Concrètement cela suppose que la société, c’est-à-dire les hommes qui la composent en même temps que les liens qui les relient, soient tous orientés vers cet épanouissement, ce développement intégral de la personne humaine. Ainsi, l’Homme est-il doublement centre de la société, comme du reste de l’économie (qui n’est qu’un des liens, certes particulier, de cette société). Il est centre comme étalon de mesure et comme acteur. Cela a deux conséquences majeures pour la société. La première est qu’elle n’est que le reflet d’une réalité humaine qui la dépasse et qu’elle n’invente pas.
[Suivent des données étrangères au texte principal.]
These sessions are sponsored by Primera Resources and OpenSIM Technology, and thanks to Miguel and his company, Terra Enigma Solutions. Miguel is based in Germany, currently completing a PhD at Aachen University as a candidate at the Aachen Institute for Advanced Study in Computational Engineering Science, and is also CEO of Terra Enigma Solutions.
La société (entendons les hommes qui la composent) est tributaire d’une réalité qui ne lui appartient pas mais qu’elle a en responsabilité. Il ne lui revient pas de changer l’Homme, mais de lui permettre de grandir. Lui permettre de grandir et non de le faire grandir, car, et c’est la seconde conséquence majeure, l’homme est responsable de son propre développement. Il est responsable à titre personnel de son épanouissement et à titre collectif en tant que membre de cette société faite de liens irréductibles entre les hommes, il est aussi responsable du développement des autres hommes. Mais il en est responsable non en imposant ce développement, mais en donnant à tous la possibilité de se prendre en main. C’est ici que nous touchons au cœur, au fameux nœud gordien, de ce qu’est la société. Faite d’hommes, la société est avant tout l’ensemble des relations unissant de façon solidaire des êtres dont la dignité exige liberté et responsabilité. Liberté de son développement et responsabilité dans la liberté de son propre développement et de celui des autres, dans le respect de leur liberté. La solidarité, avant d’être un élan du cœur, est l’ensemble des liens organiques entre les hommes qui font que nos actes libres ont des conséquences sur les autres. Conséquences dont nous sommes responsables.
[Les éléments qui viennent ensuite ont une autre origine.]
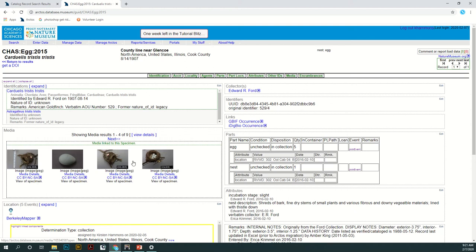Alright, this tutorial is going to show how to access Geolocate and the different tools that are available within it to help you georeference your specimen.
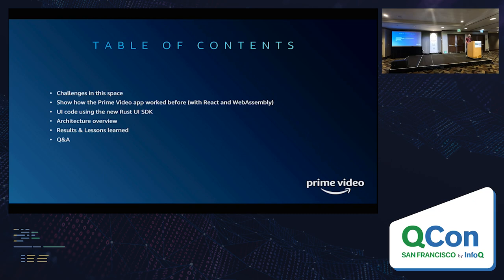I'll talk about the challenges in this space because living room devices are things like set-top boxes, gaming consoles, streaming sticks, and TVs. People don't usually develop UIs for these devices, and they come with their own special set of challenges. We're going to go through those.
Si telle est la société, dépouillée de tous ses attribués factuels, alors son organisation doit tout à la fois permettre et garantir ce double mouvement de liberté et de responsabilité. Les institutions quelles qu’elles soient doivent répondre à cet unique critère de liberté responsable. Dès lors, non seulement les institutions doivent être en accord, et donc refléter cette vision, mais elles doivent y trouver la terre où enfoncer leurs racines. Il s’agit donc de fonder un régime institutionnel qui permette et promeuve la liberté responsable. Ce qui suppose que ceux qui exercent des fonctions institutionnelles comme politique ou agent de l’État soient eux-mêmes libres et responsables de leurs actes. Ce qui impose en outre que l’État ne soit pas une fin en soi, mais bien le service de cette liberté responsable. Remis à sa place, l’État, par le truchement de ses institutions est le moyen dont se dote une société pour que les hommes qui sont liés en son sein puissent s’épanouir dans la liberté responsable. Structurellement, l’État n’est pas au-dessus, mais au-dessous.
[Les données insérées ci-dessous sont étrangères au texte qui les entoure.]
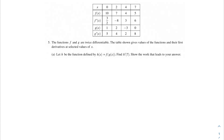Welcome back, AP Calc champions. In this problem we're going to be talking about functions f and g. The functions f and g are twice differentiable. The table shown gives values of the functions and their first derivatives at selected values of x. Part a says: let h be the function defined by h(x) = f(g(x)). Find h'(7) and show the work that leads to your answer.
Ceci étant posé, la devise d’un État subsidiaire devrait être, « veiller à ce que chacun puisse avoir les moyens d’être libre et responsable ». L’État n’est pas là pour surveiller, mais pour veiller sur. Et précisément veiller à ce que cette capacité à la liberté responsable soit toujours et partout accessible (et non donnée) à tous. Il ne s’agit à aucun moment de faire à la place, ni de donner, mais d’offrir la capacité. A chacun alors de l’accepter ou non. Cela suppose en parallèle, une éducation à la liberté et à la responsabilité. Cette éducation passe, certes par l’acquisition d’un savoir proposé, mais aussi par la disposition générale de la société. L’État ne peut être dispensateur d’une éducation nationale sans porter atteinte à la liberté de choix. En revanche il doit être attentif, à ce que dans le domaine public, c’est-à-dire des relations interpersonnelles et de l’équilibre de la société, la liberté responsable soit promue et défendue.

A cette lecture, les institutions s’inscrivent entre deux garde-fous. Ne pas faire à la place mais rendre responsable tout en veillant au bien commun, d’une part. Responsabiliser ses propres cadres, comme toute personne devant rendre des comptes sur l’exercice de ses fonctions, d’autre part. Les cadres de l’État doivent refléter par l’exercice de leur fonction cette source fondamentale des institutions, la liberté responsable.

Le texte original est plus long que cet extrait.